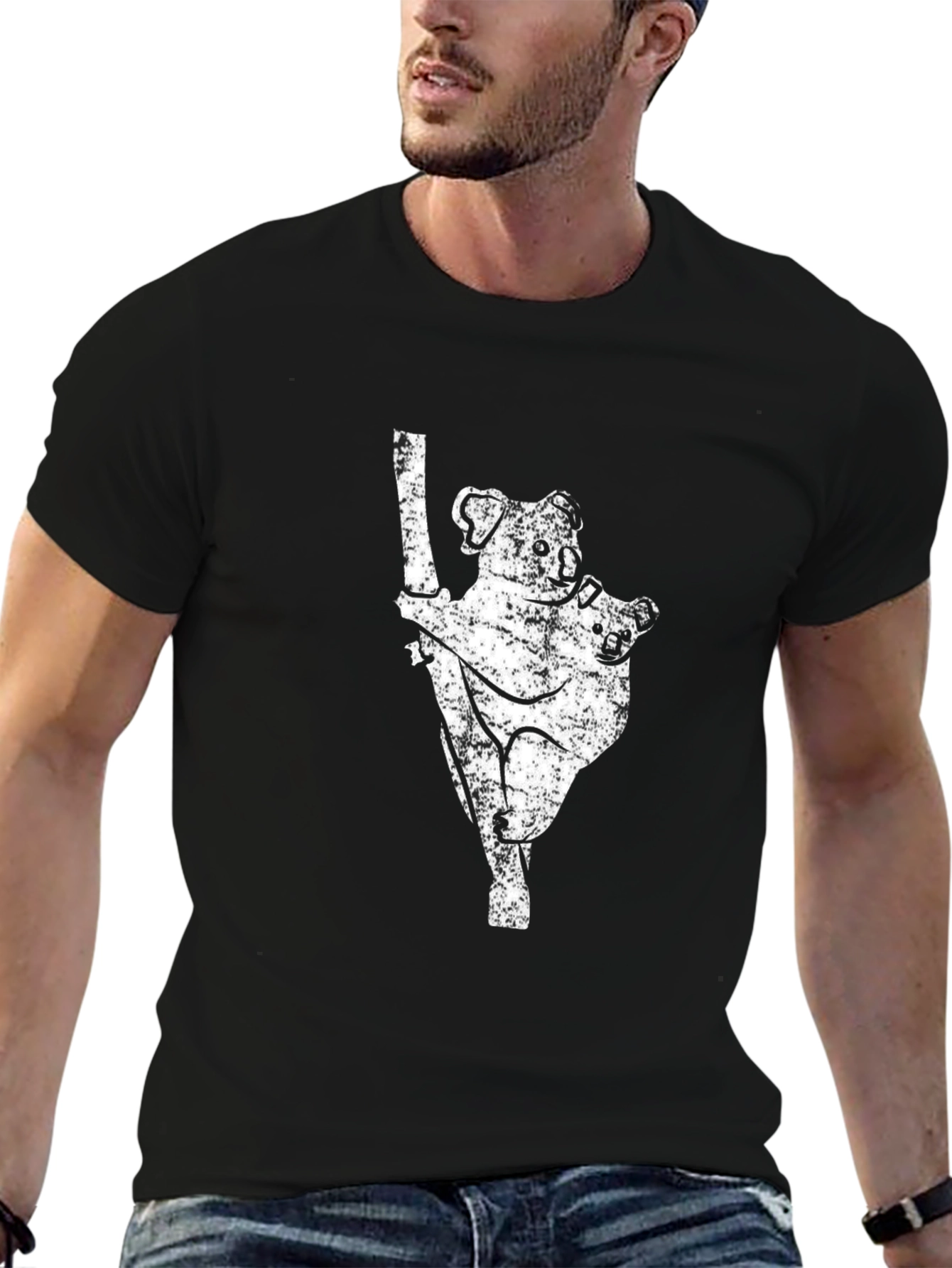 Koala Bear Graphic Print Black T-Shirt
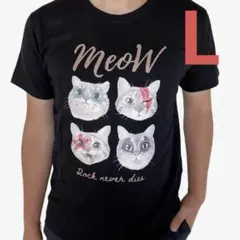 Tシャツ メンズ 半袖 Lサイズ 黒 猫デザイン KISS風 ロック カジュアル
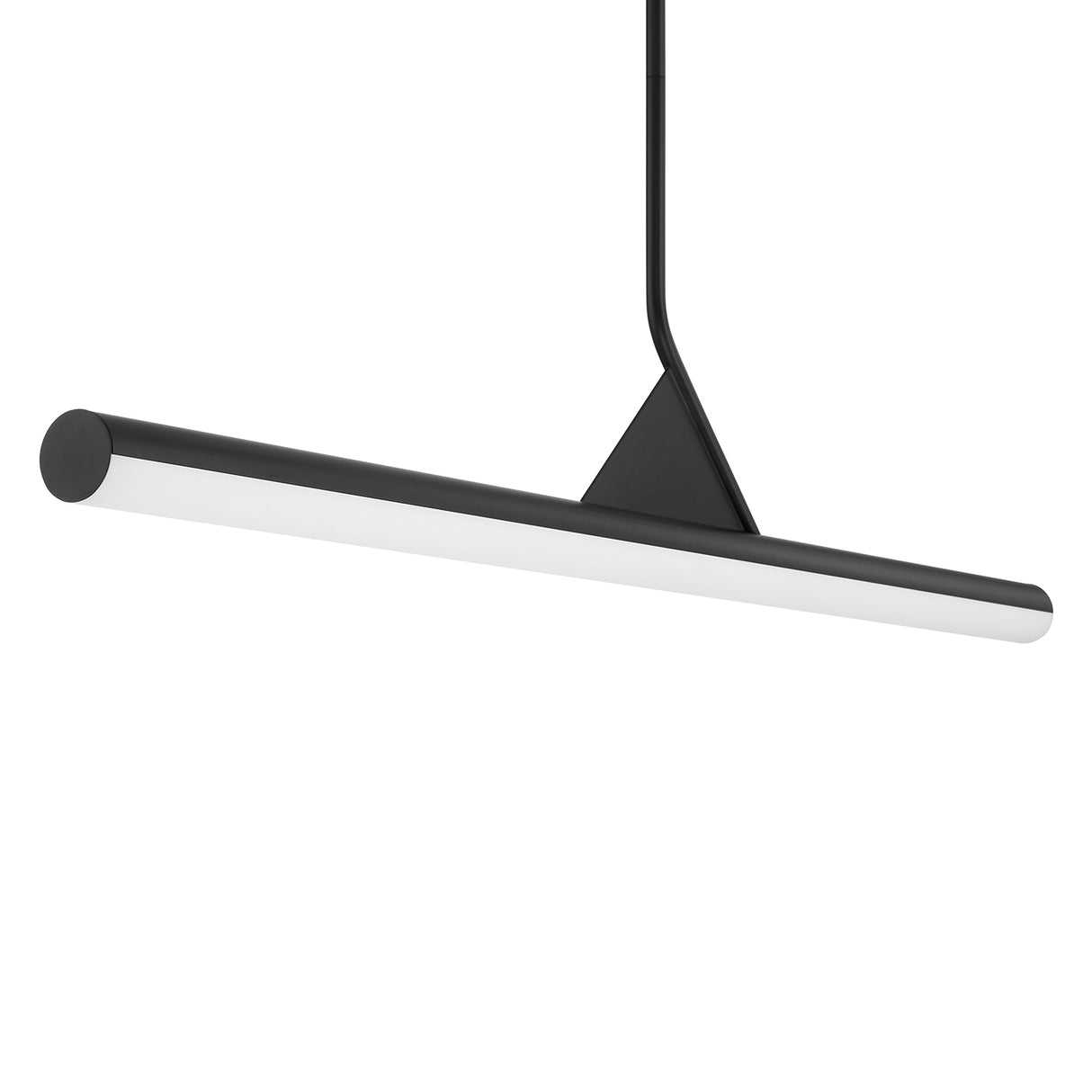 Argo 45" Linear LED Pendant, Matte Black, Dimmable Integrated LED Light, close-up detail light off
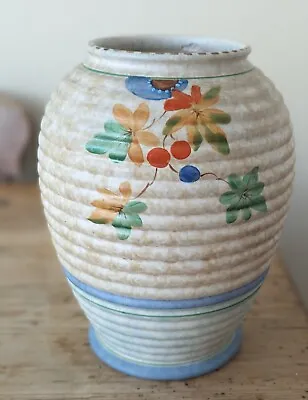 Buy Vintage Art Deco Decoro Large Ribbed Vase Decorated Leaves Berries 24cm Height • 9.99£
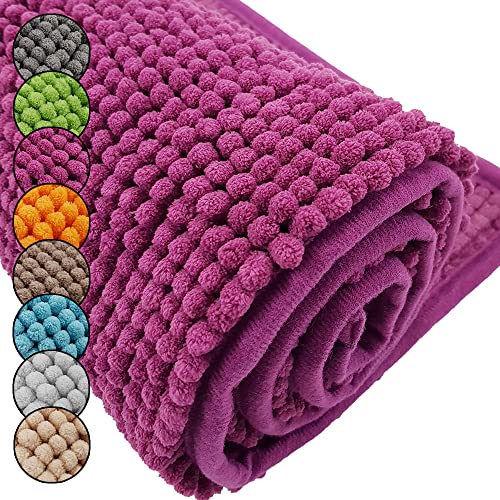 DILUMA Badematte Chenille 2er Set 50x80cm + 45x50cm Lila Rutschfester Hochflor Badteppich Wellness Badvorleger Saugfähig und Flauschig von DILUMA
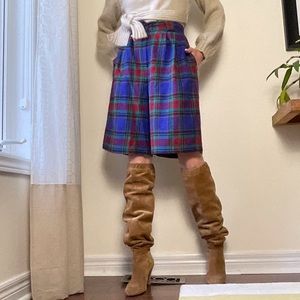 Vintage Plaid High Waisted Long Shorts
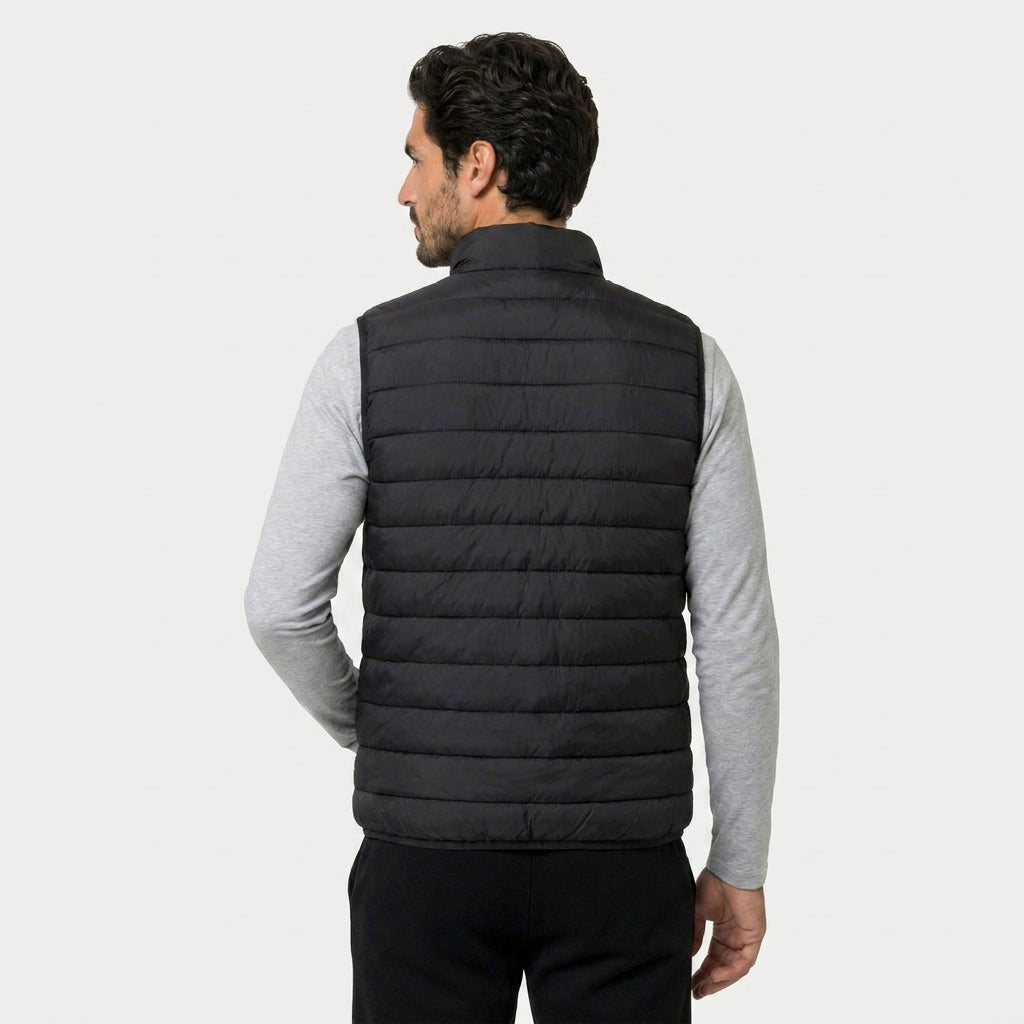 Men's Quilted Puffer Gilet in Black | Sherston – back view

• Exercise description
Copy needed, without pictures: the lines of the listing above from the line containing "Tシャツ メンズ 半袖 Lサイズ 黒 猫デザイン KISS風 ロック カジュアル" up to and including the line containing "Vintage Plaid High Waisted Long Shorts", set down exactly.

• Exercise solution
 Tシャツ メンズ 半袖 Lサイズ 黒 猫デザイン KISS風 ロック カジュアル
 Argo 45" Linear LED Pendant, Matte Black, Dimmable Integrated LED Light, close-up detail light off
 Buy Vintage Art Deco Decoro Large Ribbed Vase Decorated Leaves Berries 24cm Height • 9.99£
 DILUMA Badematte Chenille 2er Set 50x80cm + 45x50cm Lila Rutschfester Hochflor Badteppich Wellness Badvorleger Saugfähig und Flauschig von DILUMA
 Vintage Plaid High Waisted Long Shorts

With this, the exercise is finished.